Search Postgresql Archives

Re: using a postgres table as a multi-writer multi-updater queue

[Date Prev][Date Next][Thread Prev][Thread Next][Date Index][Thread Index]

 




(Kindly forgive my top-post. My stupid email client software (Microsoft Outlook Express on Win XP) refuses to respect its own "Reply" option settings for inline reply text. I've been looking for a replacement email client but so far without success.)
 
* * *
* * *
 
> You don't ever want to delete from such a table so you need to set up something which allows you to truncate the tables when you no longer need them.
 
I am migrating a web PHP application (called ITS-ETO) from mysql to postgres. The app INSERTs a row into a postgres table <eto_sql_tb_session_www> to manage each session with a web browser. Here is the DDL for the session table:
CREATE TABLE its_eto.eto_sql_tb_session_www
(
  session_www_code       char(32)      NOT NULL UNIQUE PRIMARY KEY,
 
  session_www_type       int           NOT NULL,
  session_www_state      int           NOT NULL,
  session_verify_code    char(7)       NOT NULL,
 
  session_www_serno      SERIAL        NOT NULL UNIQUE,
 
  session_target_serno   int           NULL,
  session_target_data    varchar(1000) NULL,
 
  session_www_init_utc   timestamp     NOT NULL,
  session_www_last_utc   timestamp     NOT NULL,
  session_www_expiry_utc timestamp     NOT NULL,
  session_www_delete_utc timestamp     NOT NULL,
  session_www_hit_count  int           NOT NULL,
  session_www_act_seqno  int           NULL
 
);
 
CREATE INDEX ON its_eto.eto_sql_tb_session_www (session_www_serno);
Using a "fuzzy" probability mechanism, some randomly-selected fraction of the HTTP requests that initiate a new session, also SELECT and DELETE expired rows from the session table. I naively assumed that the database server would automatically recycle the storage space dynamically released in this way.
 
Now, I'm reading in this forum that in fact, postgres does not efficiently automatically recycle storage space released by row DELETion.
 
* * *
* * *
 
My application is quite simple and will be supporting a modest workload, using a small amount of storage space, compared to the massive transaction rates and gigantic space usages, I'm reading about in this forum.
 
I do have the luxury of being able to shut down the application for a few minutes periodically e.g every 24 hours.
 
My plan was always, to avoid eventual exhaustion of the SERIAL sequence number integer value series, by swapping in during the periodic app shutdown, a freshly truncated postgres <eto_sql_tb_session_www> table.
 
Before going online, the freshly truncated postgres <eto_sql_tb_session_www> table will receive INSERTs of any active session rows copied over from the old <eto_sql_tb_session_www> table. The copied session rows will get new sequence numbers, but that won't matter, because a session row is referenced within each incoming HTTP request, not by its row serial number column <session_www_serno> integer value, but by a randomly-generated (MD5) 32-character unique key column <session_www_code> value. 
 
So my question to this postgres forum is -- should I just remove from the online app the "fuzzy" probability mechanism, that DELETEs expired rows from the session table -- because the postgres server is not going to dynamically recycle the released storage space anyway?
 
Any comments appreciated.
 
Steve
 
----- Original Message -----
From: Tim Uckun
Sent: Wednesday, November 25, 2015 3:50 PM
Subject: Re: using a postgres table as a multi-writer multi-updater queue

I'll add my two cents.....

I set up something similar a while ago. Here are my suggestions for what they are worth.
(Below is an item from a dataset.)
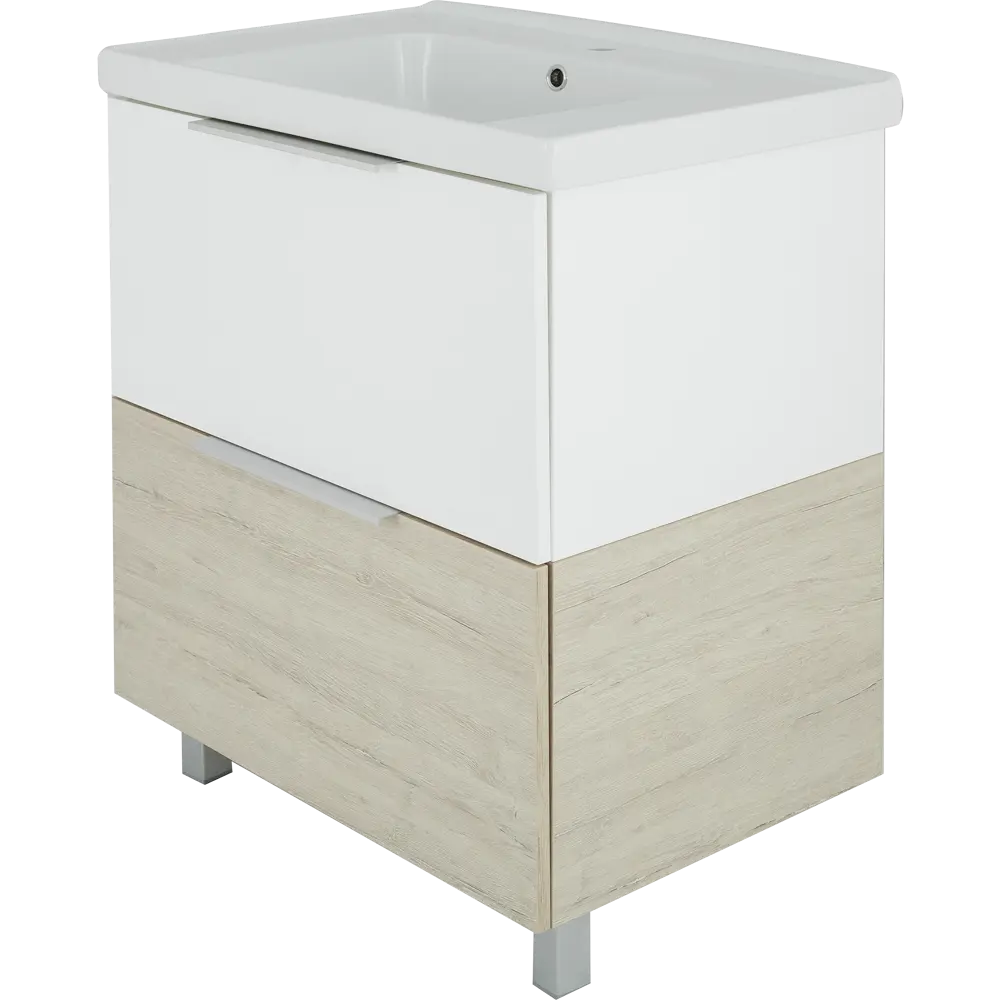 Тумба под раковину напольная «Грейс» 70 см SANFLOR STLM-2029985 - Вид №1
You don't ever want to delete from such a table so you need to set up something which allows you to truncate the tables when you no longer need them.  

One way to accomplish this is with rules (not triggers, rules are blazingly fast compared to triggers).    Set up a table inheritance scheme based on whatever search criteria you have (date, sequence etc).   Set up a cron job to create the child tables well ahead and to set up the rule redirecting the insert. For example let's say you have a date partitioned table and you want to  keep a table for every day.  Your cron job would run once a day and would create the next seven days worth of tables (just incase the cron job fails to run for some reason) and would rewrite the rule to insert into the table with a if then else type of logic.  This method is preferable to the dynamic creation of the table name with string concatenation because again it's significantly faster.  

Another method I tried was to have one "primary" child table and "archival" child tables and insert directly into the primal child table.  For example say you have a table called "Q".  You set up a table called Q_in which inherits from Q.  Your code inserts into the Q_in table, you select from the Q table.  On a periodic basis you do this 

BEGIN TRANSACTION
LOCK TABLE Q_IN IN EXCLUSIVE MODE;
ALTER TABLE Q_IN RENAME TO Q_SOME_DATETIME;
CREATE TABLE Q_IN
  (LIKE Q_SOME_DATETIME INCLUDING DEFAULTS INCLUDING CONSTRAINTS INCLUDING INDEXES);
ALTER SEQUENCE q_in_id_seq OWNED BY q_in.id;
 -- Set some constraints so the query optimizer knows what to do
END TRANSACTION


There is one other method which is the Kafka approach( You can use this in addition to the above methods)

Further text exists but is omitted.